Find the area between the graph of f and
the x-axis over the interval [−4, 1] when
f(x) = 4 + 4x.
1. Area = 34 sq. units
2. Area = 30 sq. units
3. Area = 28 sq. units
4. Area = 32 sq. units
5. Area = 26 sq. units
(5)
You just have two triangles. Doing a single integral uses signed areas, so you'd end up with the wrong answer.
To find the area between the graph of f(x) = 4 + 4x and the x-axis over the interval [-4, 1], we can use the definite integral.
The definite integral of a function f(x) over an interval [a, b] gives the signed area between the graph of the function and the x-axis over that interval. To find the area, we need to evaluate the integral of the absolute value of the function.
In this case, f(x) = 4 + 4x, and the interval is [-4, 1]. So, we need to evaluate the integral of the absolute value of f(x) from -4 to 1:
∫[from -4 to 1] |f(x)| dx
First, let's find the absolute value of f(x). Since f(x) = 4 + 4x, the absolute value of f(x) is equal to |4 + 4x|.
Next, we need to evaluate the integral of |f(x)| from -4 to 1. This can be done by splitting the interval into two parts: [-4, 0] and [0, 1].

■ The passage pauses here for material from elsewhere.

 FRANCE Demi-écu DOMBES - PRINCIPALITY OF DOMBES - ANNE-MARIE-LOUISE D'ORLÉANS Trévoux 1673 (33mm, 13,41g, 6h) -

For the interval [-4, 0], we have:
∫[from -4 to 0] (4 + 4x) dx
Integrating this expression gives us:
∫[from -4 to 0] (4x + 4x^2/2) dx
= [2x^2 + 4x^3/3] from -4 to 0
= (2(0)^2 + 4(0)^3/3) - (2(-4)^2 + 4(-4)^3/3)
= (0 + 0) - (2(16) + 4(-64)/3)
= -32 - (-256/3)
= -32 + 256/3
= 160/3
For the interval [0, 1], we have:
∫[from 0 to 1] (4 + 4x) dx
Integrating this expression gives us:
∫[from 0 to 1] (4x + 4x^2/2) dx
= [2x^2 + 4x^3/3] from 0 to 1
= (2(1)^2 + 4(1)^3/3) - (2(0)^2 + 4(0)^3/3)
= (2 + 4/3) - (0 + 0)
= 2 + 4/3
= 10/3
To find the total area between the graph of f(x) and the x-axis, we sum up the areas over both intervals:
Total area = (160/3) + (10/3)
= 170/3
Therefore, the correct answer is not among the given options. The area between the graph of f(x) = 4 + 4x and the x-axis over the interval [-4, 1] is 170/3 square units.